# Global Peace Index Rankings



## Yrys (22 May 2008)

Overview



> The ground-breaking Global Peace Index (GPI) has been expanded and updated with the latest available figures for 2008, a year on from the completion of the first
> GPI, which ranked 121 nations according to their relative states of peace.
> 
> The index is composed of 24 qualitative and quantitative indicators from highly respected sources, which combine internal and external factors ranging from a nation's level
> ...




Global Peace Index Rankings



> The table below provides the GPI rankings for the 140 countries analysed in 2008 and the 121 countries analysed in 2007, as well as year-on-year comparison. Countries
> most at peace are ranked first. A lower score indicates a more peaceful country. You can click on a country to see the detail of its peace indicators and drivers.



Canada is no 11.


----------



## Sythen (22 May 2008)

Military capability/sophistication: 3

So if we fought with sticks and stones, we'd be considered more peaceful? Wow what a BS study.. Its the fact we have a modern army and the heavy weapons that ensure peace here in Canada. 

On a side note, I wonder how much Canadian blood was spilled in war to allow those European countries in the top 10 to be peaceful?


----------



## derael (25 May 2008)

They seem to believe military funding has a linear relationship to "peacefulness" however would it not more likely be more of a curve? 

For *example*;1 and 5 both most likely leading to waring nations and 3 being more a deterrent force.


----------



## Richie (25 May 2008)

This index is meaningless, the U.S. spends a greater percentage of its GDP on defence (defence of the West) than we do and is therefore considered a "less peaceful country" than Rwanda or Syria?!?!  :


----------



## NL_engineer (25 May 2008)

well we ranked higher then the Swiss  ;D what more can you ask for ;D


----------



## oligarch (3 Jun 2008)

Wow, if this is not THE stupidest study I've seen grown-ups perform, it surely "ranks" highly among them, along with freedomhouse! This makes me doubt whether it is truly grown ups that perform these studies. They really need to make these people take some formal logic classes! Problems with the rankings I could observe within minutes, not even looking deeply into them:

1) A qualitative assessment of the level of distrust in other citizens….  Uhm…. OK? What does this have to do with anything. Such things are cultural and have nothing to do with whether a country is peaceful or not.
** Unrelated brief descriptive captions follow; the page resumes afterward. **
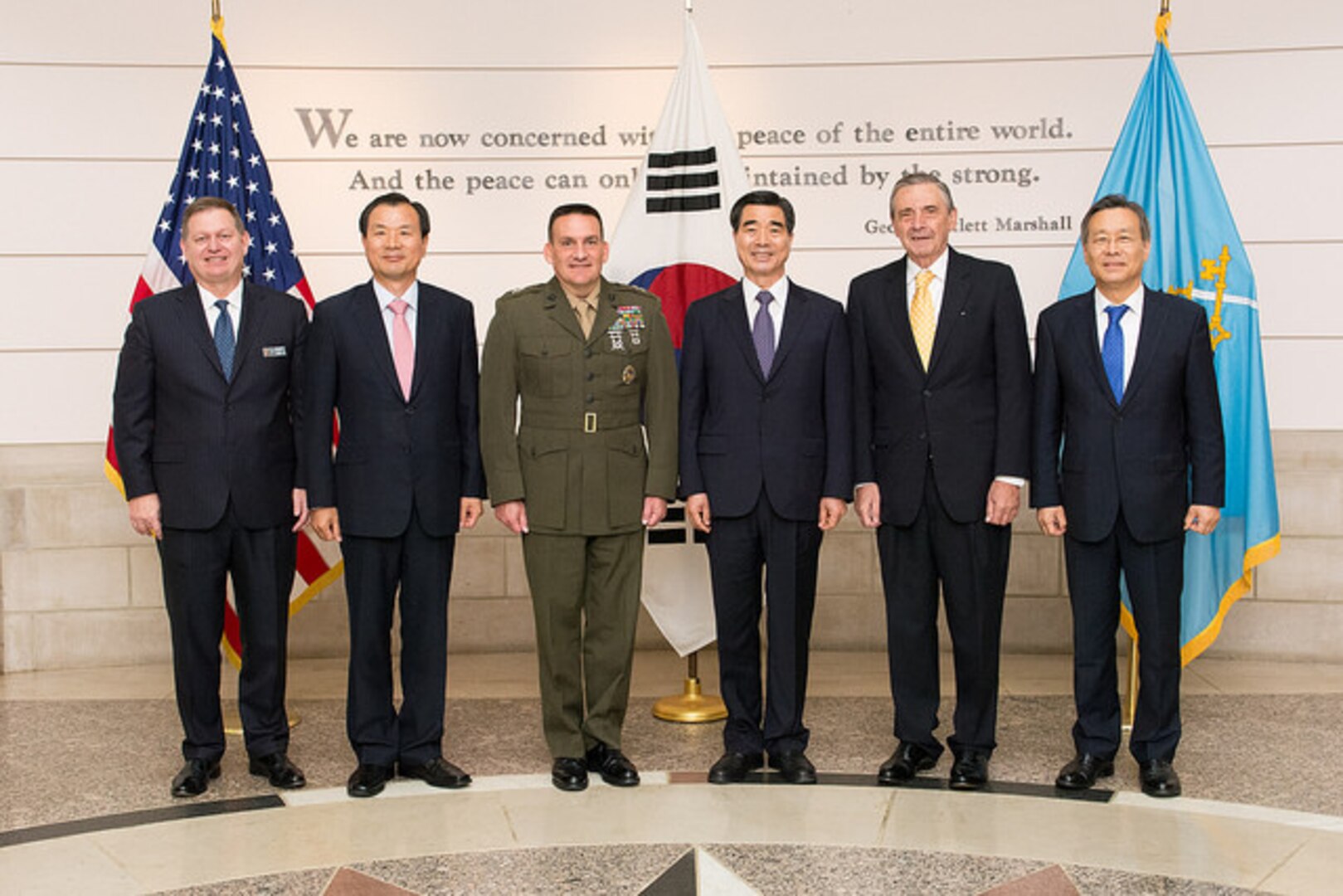 From (l) to (r): Dr. Rich Hooker, Director of INSS;  Dr. Chang Hyung Lee, KIDA; NDU President MajGen Frederick Padilla (USMC); LTG Hong Jeon Han, President, KIDA; Dr. Jim Przystup, Senior Research Fellow, INSS; and Dr. Changsu Kim, KIDA.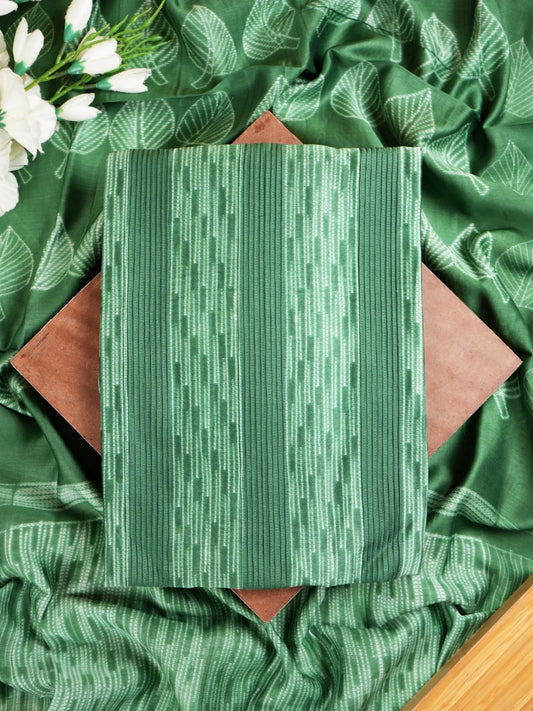 Dark Green Maheshwari Silk Suit With Pintex & Shibori Design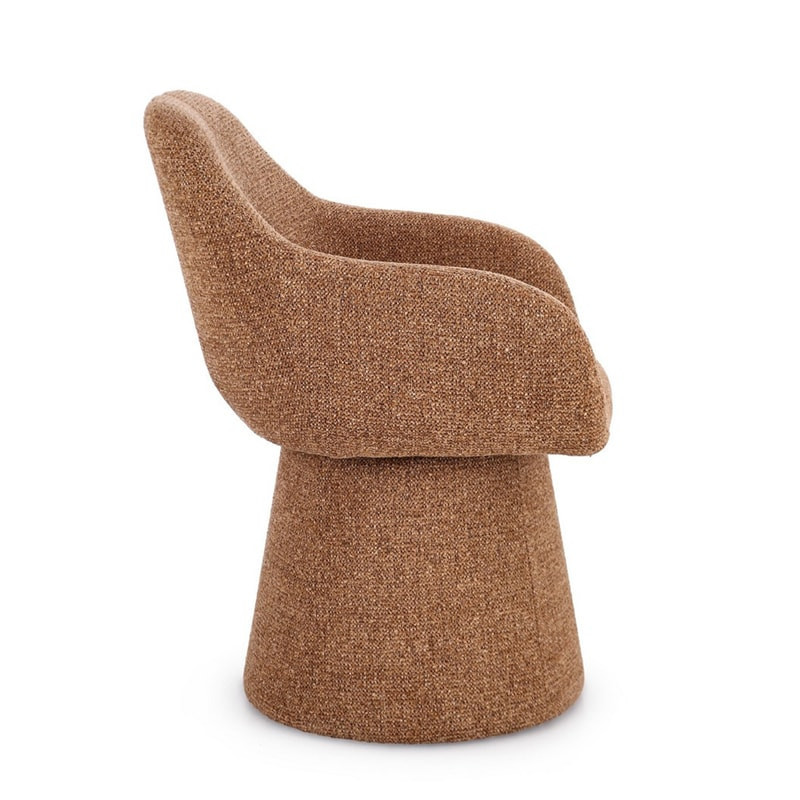 Fauteuil pivotant entièrement en tissu effet bouclette terre cuite - Amara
2) Number of internal security officers and police…..   Do police make the country less or more peaceful? I'm not sure which one they assumed, but neither could be used linearly as an assesment, as I would assume police make a country MORE peaceful up to a point, untill there are too many of them and corruption becomes a problem.... so a down-ward-opening parobolilc shaped curve with "peacefulness" as a function of the number of officers employed would be appropriate. This is logic they teach in Microeconomics 1 when talking about the production curve (in the case of a police officer, he 'produces' peace), but I guess "The Economist" doesn't actually employ economists... or at least the IU... what a shame! Rather, the study takes on a linear relationship which is wrong either way, whether positive or negative.

3) Ease of access to weapons… the issue of whether weapons make a country more or less safe is still up for debate with no clear conclusions… this argument assumes a premise to be true that is not necessarily so. I also have issue with trusting the EIU on this, given that it is a rather wrapped up in the stars and stripes.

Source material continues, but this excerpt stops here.